Au bout d’un moment, les sanglots de Grego cessèrent. Il dormait. Ender alla le mettre au lit. Quara dormait déjà, dans l’autre coin de la petite chambre. Ela aida Ender à ôter à Grego son pantalon trempé puis à lui mettre un pyjama – ses mains étaient douces et adroites, de sorte que Grego ne se réveilla pas.

Lorsqu’Ender revint dans la pièce principale, Miro lui adressa un regard critique.

— Eh bien, Porte-Parole, vous avez le choix. Mon pantalon sera serré et trop court entre les jambes, mais ceux de papa vous tomberaient directement sur les pieds.

Ender ne comprit pas immédiatement. L’urine de Grego était sèche depuis longtemps.

— Ne vous inquiétez pas, dit-il, je me changerai en rentrant chez moi.

— Maman ne rentrera pas avant une heure. Vous êtes venu la voir, n’est-ce pas ? Nous pouvons nettoyer votre pantalon d’ici là.

— Un de vos pantalons, dans ce cas, dit Ender. Je prendrai le risque sur le plan de l’entrejambe.

DONA IVANOVA

Cela signifie une existence de fraude continuelle. On sort et on découvre quelque chose, quelque chose de vital, puis on revient au laboratoire et on rédige un rapport totalement inoffensif qui ne mentionne rien de ce que la contamination culturelle nous a permis d’apprendre.

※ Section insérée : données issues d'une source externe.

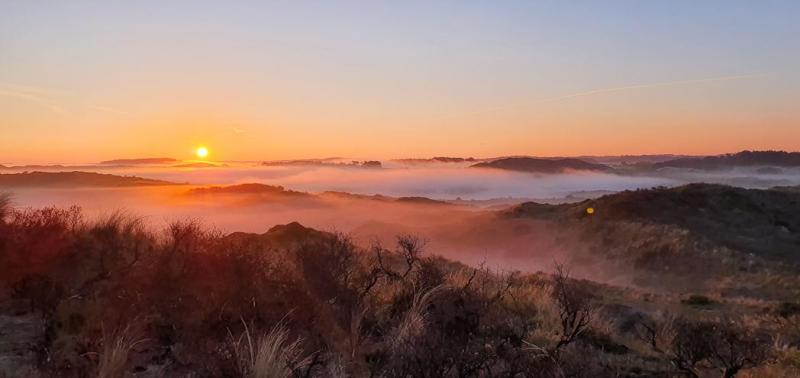 Zonsopkomst Kennemerduinen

Tu es trop jeune pour comprendre quelle torture c’est. Nous avons commencé à le faire, papa et moi, parce que nous ne supportions pas de cacher des informations aux piggies. Tu constateras, comme moi, qu’il n’est pas moins douloureux de cacher des informations à nos collègues. Lorsqu’on les voit se débattre avec un problème, sachant que l’on dispose des éléments qui permettraient de le résoudre aisément ; lorsqu’on les voit parvenir tout près de la vérité puis, faute d’informations, renoncer à leurs conclusions correctes et retourner à l’erreur – on ne serait pas un être humain si cela ne suscitait pas un intense désespoir.

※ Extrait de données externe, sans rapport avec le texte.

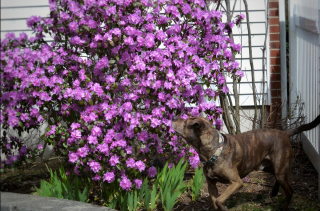 Illustration de l'article : 19 photos de chiens posant joyeusement en compagnie des plantes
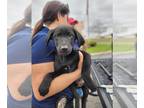 Shepradors DOG FOR ADOPTION RGADN-1235623 - HEUREUX - Labrador Retriever /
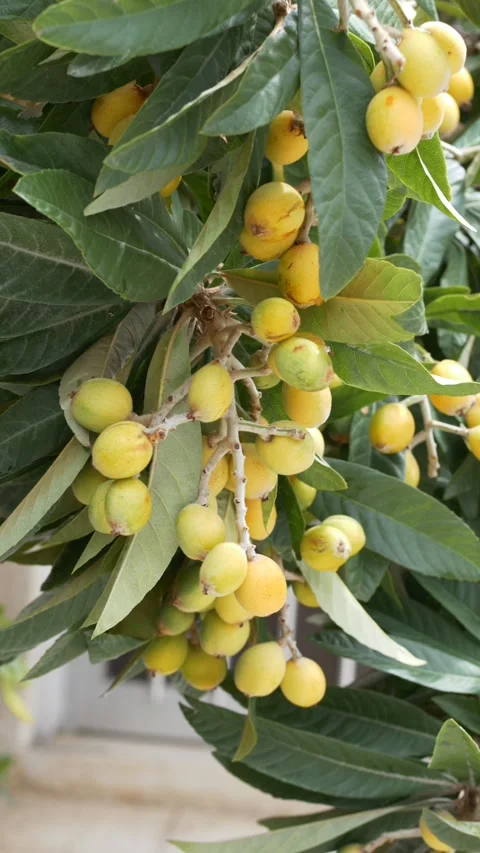 Loquat fruits swaying on tree branches in wind, symbolize exotic produce and Stock Footage 332906896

Vous ne devez jamais oublier ceci : c’est leur loi, leur choix. Ils ont érigé un mur entre eux et la vérité et ils se contenteraient de nous punir s’ils apprenaient à quel point ce mur a perdu son sens. Et, pour un scientifique framling impatient de connaître la vérité, il y a dix descabeçados (inconscients) mesquins qui méprisent le savoir, qui n’envisagent jamais une hypothèse originale, dont le seul travail consiste à piller les publications des véritables scientifiques afin d’y déceler de petites erreurs, contradictions ou entorses à la méthode.